Ela é igualmente determinada com relação a outra área na qual o governo é acusado de interferir no setor privado -- sua decisão de cortar os lucros permitidos aos operadores da área elétrica. Puxando um bloco de anotações, ela desenha um gráfico representando a vida útil média de uma usina hidroelétrica, que mostra que esta continua a produzir energia por muito tempo após a amortização do investimento -- ainda assim, as companhias querem continuar a cobrar os mesmos preços elevados. Assim, o governo deu aos operadores uma opção: reduzir os preços agora e renovar os contratos, ou esperar que os contratos terminem e arriscar-se a perdê-los. O resultado foi uma redução nos preços de energia de 16 por cento para os consumidores residenciais e de 28 por cento para os consumidores industriais. "Isso é muito importante, porque temos que reduzir custos", diz Rousseff sobre a iniciativa.
Enquanto seu antecessor gostava da ribalta internacional, Rousseff é uma diplomata indiferente. Ela irritou americanos e europeus na Assembleia-Geral da ONU no mês passado, ao afirmar que a islamofobia está aumentando nos países desenvolvidos. Mas, em geral, ela descreve um Brasil que é amigo de todo mundo, com relações especiais com os países lusofônicos da África e seus laços estreitos com a Europa devido à imigração. "Para nós, o mundo é multipolar", diz ela.
No campo doméstico, ela não quis comentar o julgamento histórico da Suprema Corte sobre corrupção ligada ao primeiro mandato de Lula da Silva [o Nosso Pinóquio Acrobata]. No chamado mensalão, o julgamento envolve muitos dirigentes do partido do ex-presidente, acusados de usar dinheiro público para pagar políticos da oposição para que apoiassem a agenda legislativa do governo no Congresso.

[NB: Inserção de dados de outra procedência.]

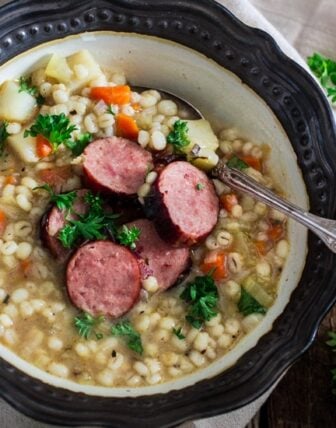 German Sausage and Barley Soup (Graupensuppe)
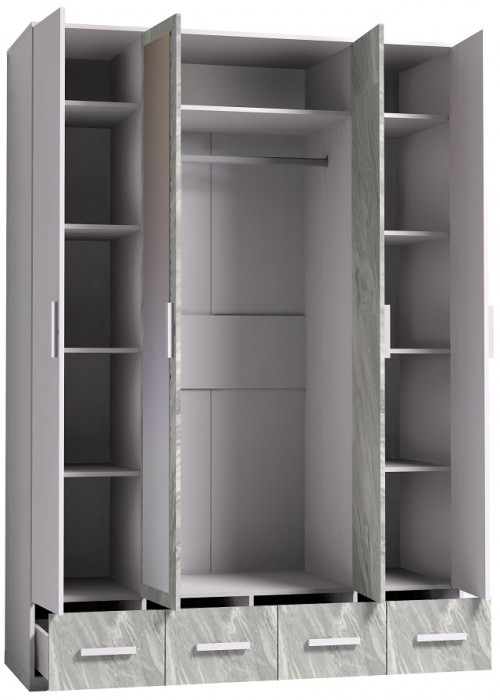 Шкаф для одежды и белья Айрис 555, статуарио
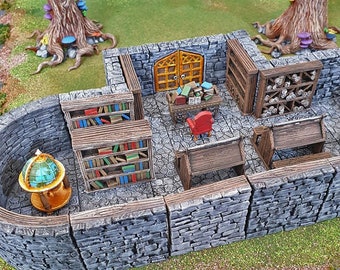 DnD Terrain Library Furniture - Fantasy Goblin Dwarve Elves and Demons | 28mm 32mm 15mm Miniature Wargaming Pathfinder D&D Tabletop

Alguns já foram condenados.
Mas Rousseff parece claramente preocupada com governança. Ela conta a história de um prefeito que deveria estar construindo duas escolas com verbas do governo federal, mas na realidade estava construindo apenas uma e embolsando o resto. Ele foi solicitado a colocar na Internet fotos das duas escolas em construção. Ele foi finalmente apanhado quando um mesmo cachorro aparecia nas fotos do que deveria ser a construção das duas escolas diferentes. "Você tem que estar preparado para tudo na vida -- mas, um cachorro denunciando um prefeito? ", diz a presidente, rindo. Ela repentinamente ficou séria. "Estamos digitalizando toda a estrutura do governo, porque isso nos permitirá controlar o que ele faz". Tais processos são "banais" mas necessários, diz ela.
Uma presidente que presta atenção em detalhes, por banais que sejam, é talvez do que o Brasil precise quando busca consolidar as conquistas da década passada e prosseguir com sua emergência como um país de classe média. Mas, com as reformas apenas se iniciando, muito depende ainda de quão disposta está Rousseff para ter o "mais difícil" feito.
Dilma Rousseff - (Foto: Financial Times).